りぼんの読書ノート

Yahooブログから移行してきた読書ノートです

修道士カドフェル7 聖域の雀(エリス・ピーターズ)

イメージ 1

イングランド王座をめぐる女帝モードとスティーブン王の争いは小康状態。この巻は、盗難・殺人事件の真犯人を捜索するという、ミステリ要素が強い内容ですが、著者がここで紹介したかったのは、中世における修道院の「庇護権」ですね。

夜半の祈りが捧げられていた教会に飛び込んできたのは、若い旅芸人と、彼を追ってきた町の群集。旅芸人にかけられた嫌疑は、町の有力な金細工商人を殺害して金銀を盗んだというもの。金細工人の息子の結婚披露宴で余興と音楽を演じるために招かれたものの、冷たいあしらいを受けたことに対する逆恨みと思われたのです。

その若者リリウィンは修道院の庇護権のもとに匿われますが、その限度は40日間。さらに、若者を慕って差し入れを持ってきた召使いのラニルトを町まで送るために、若者がこっそり修道院を抜け出した晩に、隣家の錠前屋が殺害される事件が起こって、事態は紛糾していきます。
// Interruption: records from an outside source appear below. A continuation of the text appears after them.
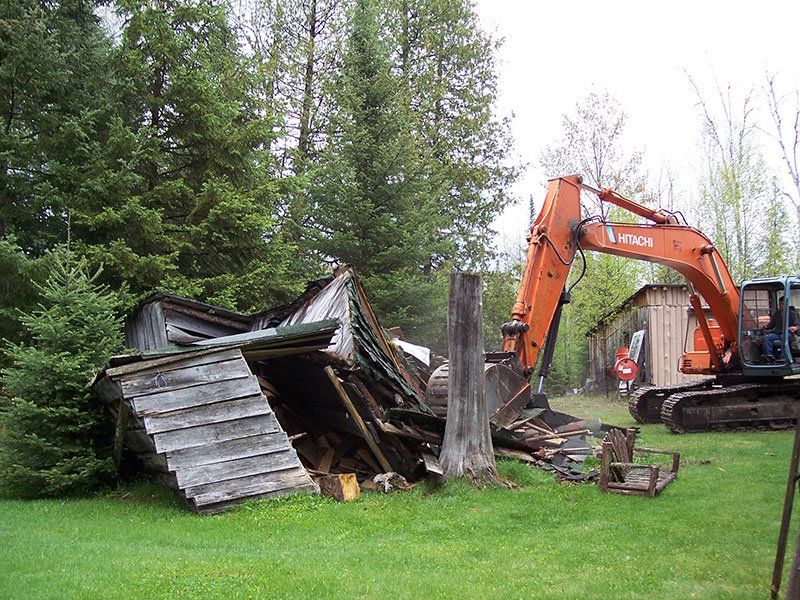 demolition equipment near the small cabin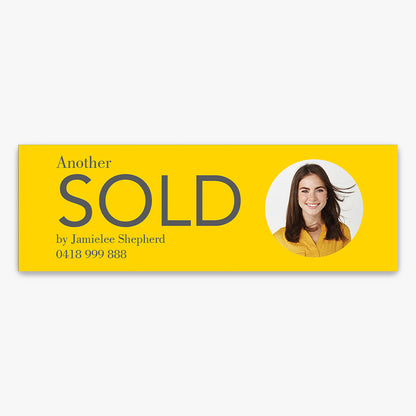 Custom Stickers shown on a real estate signboard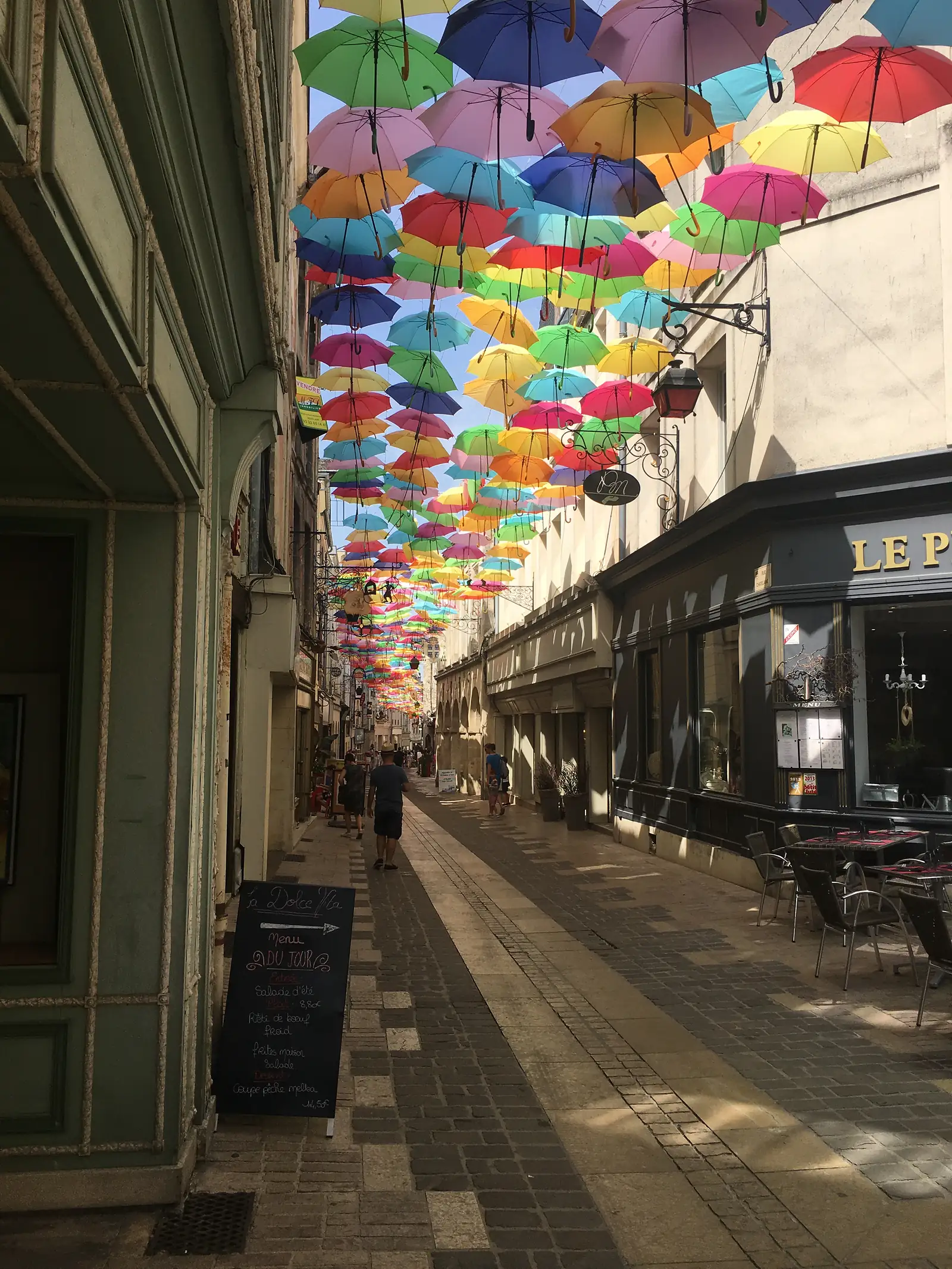 Hundreds of open umbrellas in red, yellow, green, blue and pink hang suspended above a cobbled shopping street, casting coloured light onto the pavement below.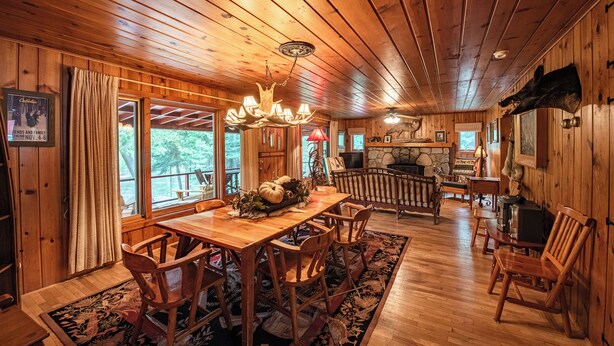 A wooden cabin interior with a dining table, chairs, a fireplace, and a television. - Cozy Riverside Getaway Pine Bend Cottage (Grayling)
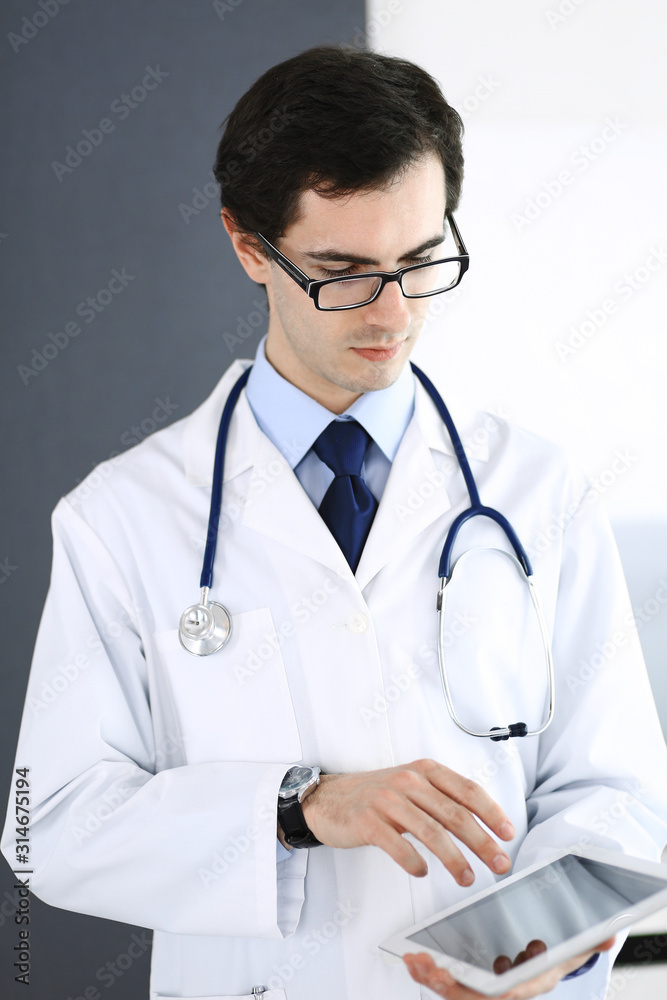 Doctor man using tablet computer for network research or virtual disease treatment. Perfect medical service in clinic. Modern medicine, medic data and healthcare concepts Doctor man using tablet computer for network research or virtual disease treatment. Perfect medical service in clinic. Modern medicine, medic data and healthcare concepts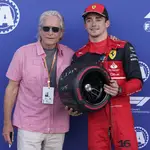 El piloto de Ferrari, Charles Leclerc, posa con el actor Michael Douglas tras conseguir el mejor tiempo en parrilla de salida (AP Photo/Darron Cummings)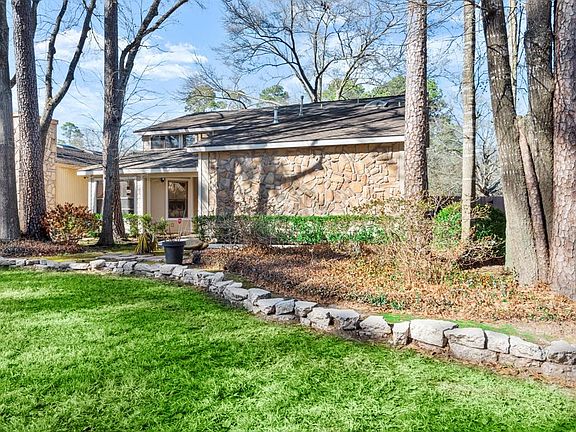 Surrounded by lovely mature shade trees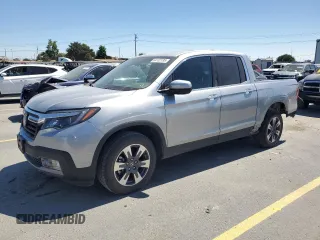 2017 Honda Ridgeline RTL-E with VIN 5FPYK3F78HB005129, listed as a Copart auction lot 64132195 with 30,431 mi miles and Salvage title. Bid and sale history available at DreamBid. Image 1.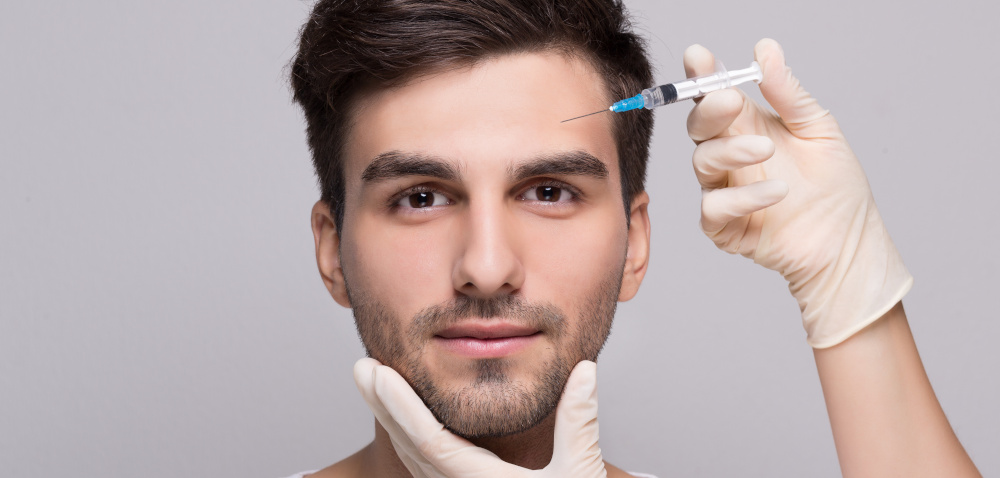 Man receiving dermal filler injection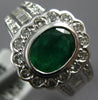 WIDE 2.19CT DIAMOND & EMERALD 18KT WHITE GOLD OVAL ROUND & BAGUETTE FLOWER RING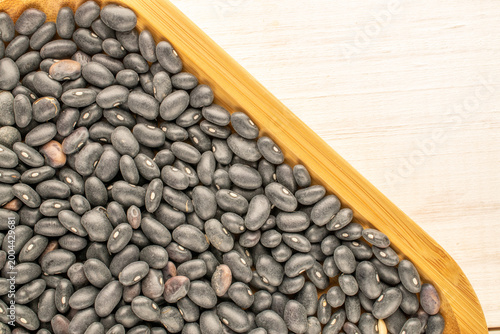 Dried beans, on a wooden table. Top view.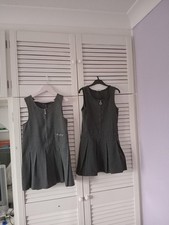 Two girls school pinafore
果たして嫌疑をかけられたリリウィンは無実なのか・・。

近代的な合理精神の持ち主であるカドフェルと、州執行副長官のヒューベリンガーは、例によって心証のみに頼ることなく、推理をめぐらせ捜査を進めるのですが、やがて浮かび上がってきたのは、裕福な金細工人の家の複雑な内情でした・・。

昔も今も嫁と姑と小姑の問題の本質は変わりませんが、家計を切り盛りすることだけが期待され、女性が自ら生計を立てることができなかった中世で、この問題がこじれるとシリアスですね。簡単に「愛が全て」などと言えないのは、今も同じなのですが・・。

セヴァーン川を知りぬいていて、溺死体の流れ着く先を読みあてる船頭のマドッグは、カドフェルと同じウェールズ人でもあり、今後も登場しそうです。